What you have to do: From the material below, return exactly the lines starting at the one that holds "A house with" and ending at the one that holds "Kırmızı arka planda". Pictures stay out of the answer.

>>

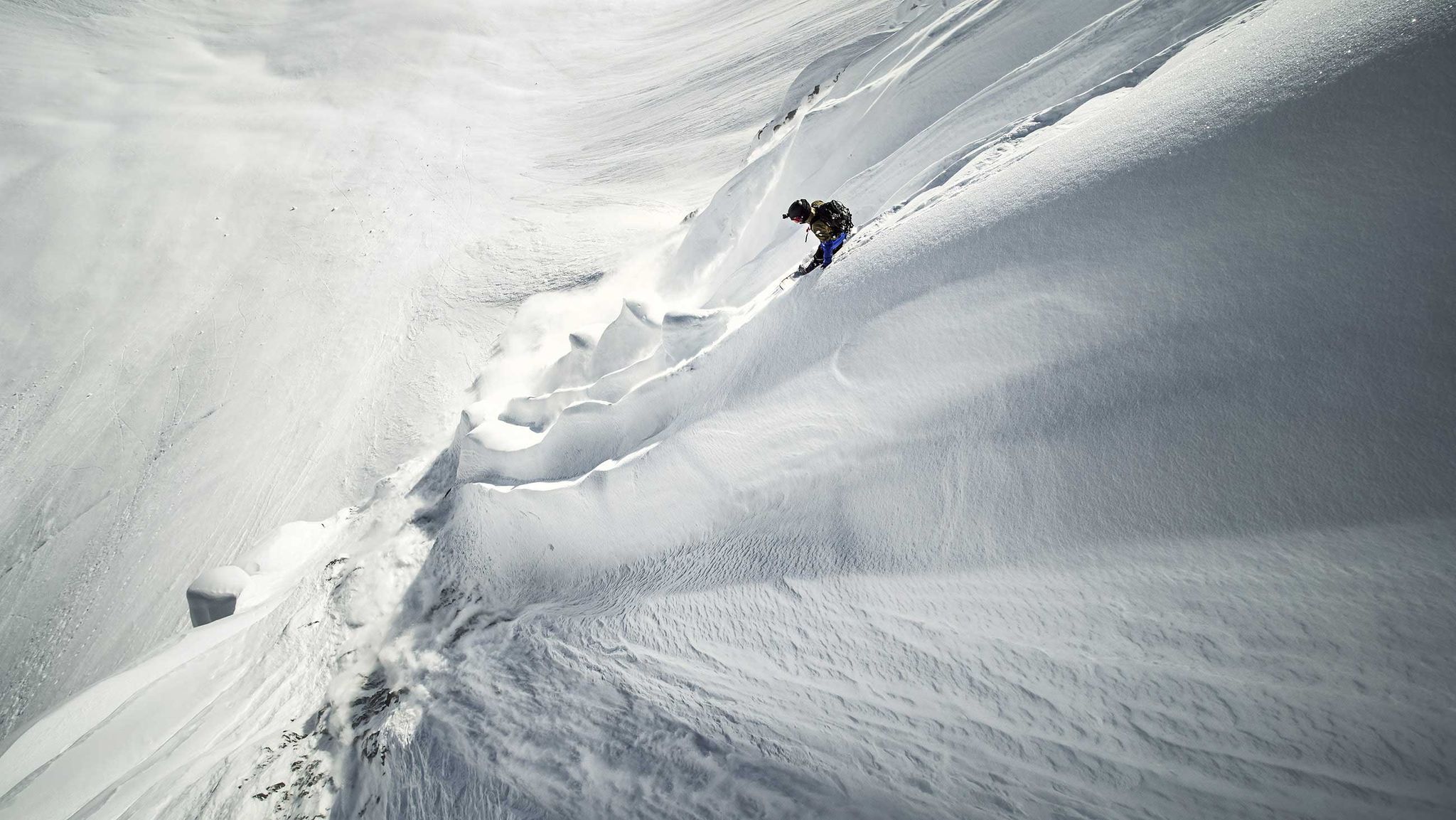 A snowboarder navigating a snowy mountain freeride.
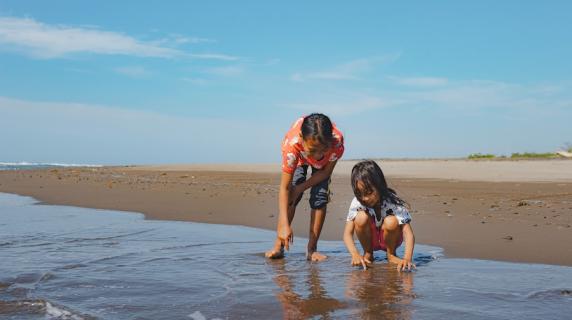 two children, a boy and girl, play on the beach on a sunny summer day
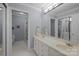 Bathroom featuring double sinks, white cabinetry, tile flooring, and a mirror at 10317 Clubhouse View Ln, Mint Hill, NC 28227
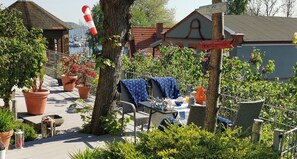 A patio area with outdoor seating, potted plants, and a view of the sea.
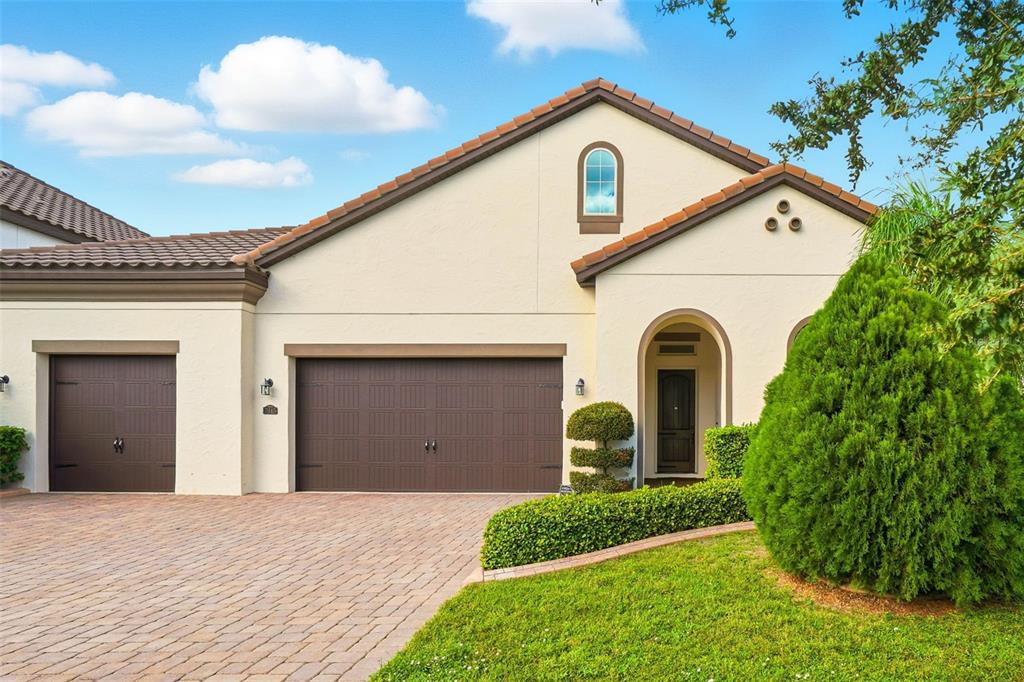 A single-story house with a two-car garage, a brick driveway, and a arched entryway — 7945 CHILTON DRIVE, ORLANDO, FL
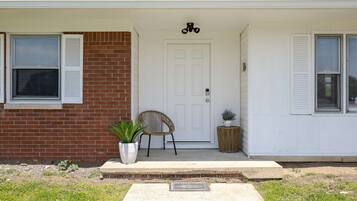 A house with a white front door, a brick wall, a potted plant, a wicker chair, and a small round table.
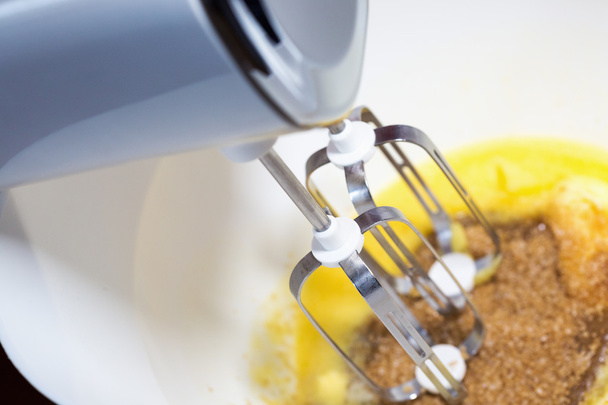 Whisking dough with mixer - Фото, изображение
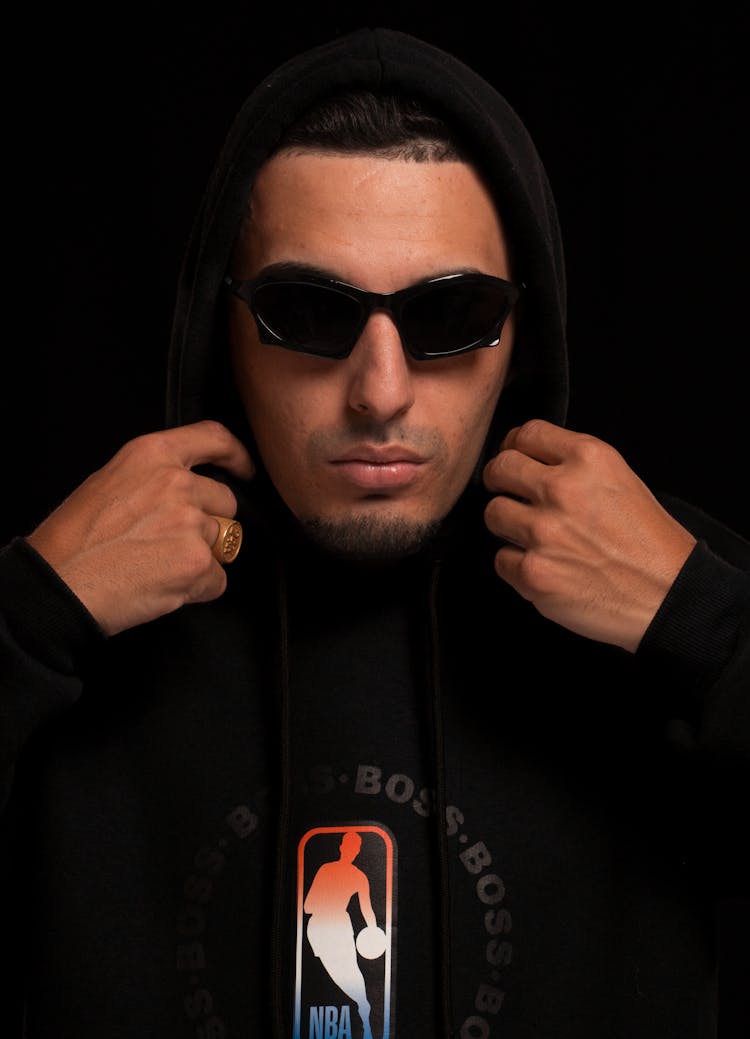 Man In Black Hoodie Sweatshirt Fixing Hood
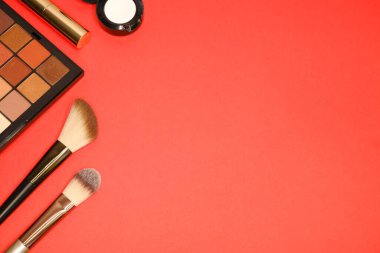 Kırmızı arka planda kozmetik ürünler. Makyaj.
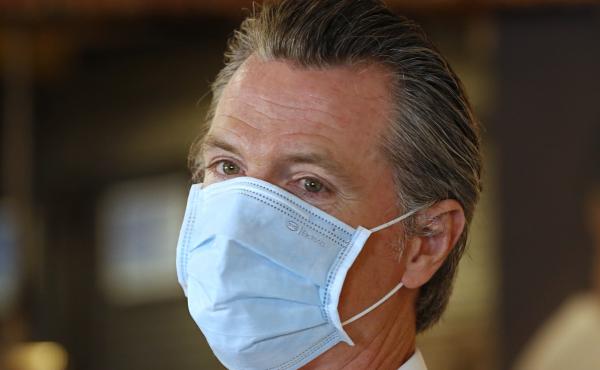 California Gov. Gavin Newsom, here in Sacramento on Friday, has ordered face coverings be required in public spaces statewide. California Gov. Gavin Newsom, here in Sacramento on Friday, has ordered face coverings be required in public spaces statewide.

<<

The answer:
 A house with a white front door, a brick wall, a potted plant, a wicker chair, and a small round table.
 Whisking dough with mixer - Фото, изображение
 Man In Black Hoodie Sweatshirt Fixing Hood
 Kırmızı arka planda kozmetik ürünler. Makyaj.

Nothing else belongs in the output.